#### What to work on
Having located "a table with flowers and a magazine on it", write out its line and the remaining lines of the material exactly, the last one included, but not the pictures.

** Supplied material follows **

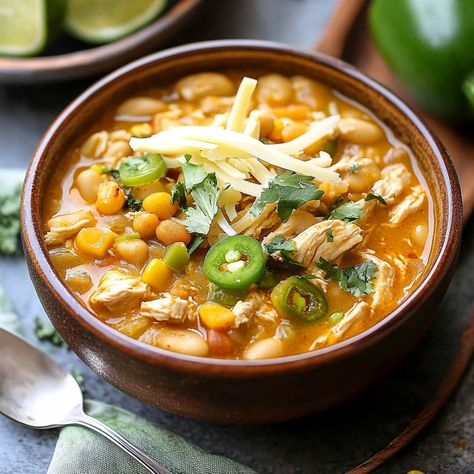 A hearty and flavorful Spicy White Chicken Chili with tender chicken, beans, and a spicy kick. Perfect for a cozy dinner. Ready in under an hour! Spicy Chicken Chili Recipe, Spicy White Chicken Chili, Spicy Chicken Chili, Creamy White Beans, Spicy Chicken Soup, Chicken Beans, White Chicken Chili Slow Cooker, White Chicken Chili Recipe, White Bean Chili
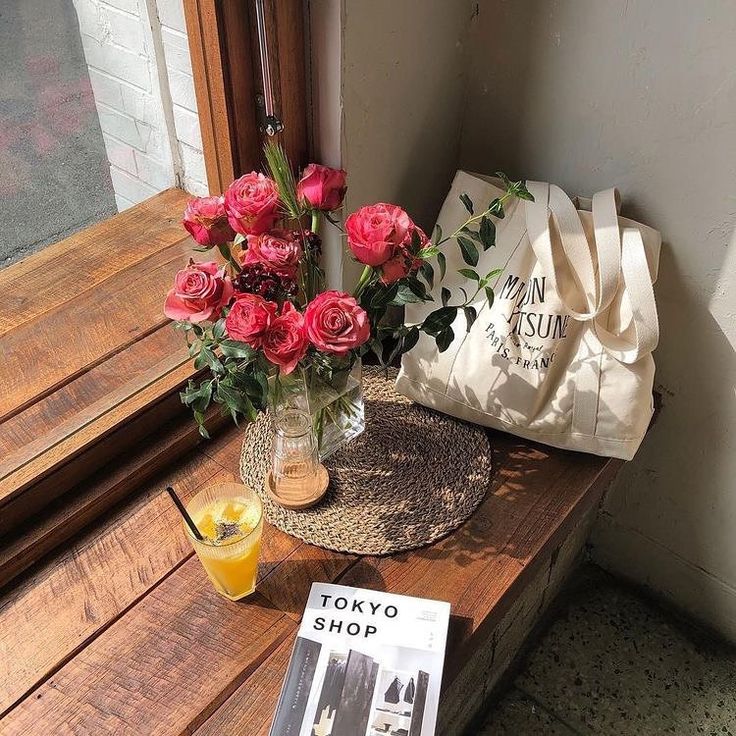 a table with flowers and a magazine on it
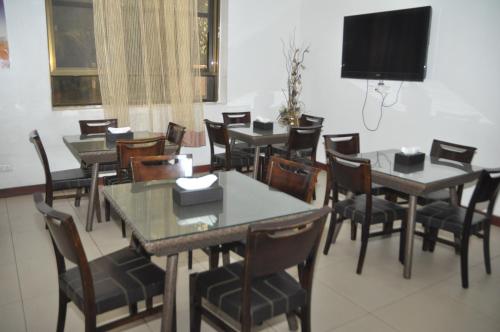 TV a/nebo společenská místnost v ubytování Hotel de Mag (Plaza)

** End of Supplied material **

#### Solved exercise
 a table with flowers and a magazine on it
 TV a/nebo společenská místnost v ubytování Hotel de Mag (Plaza)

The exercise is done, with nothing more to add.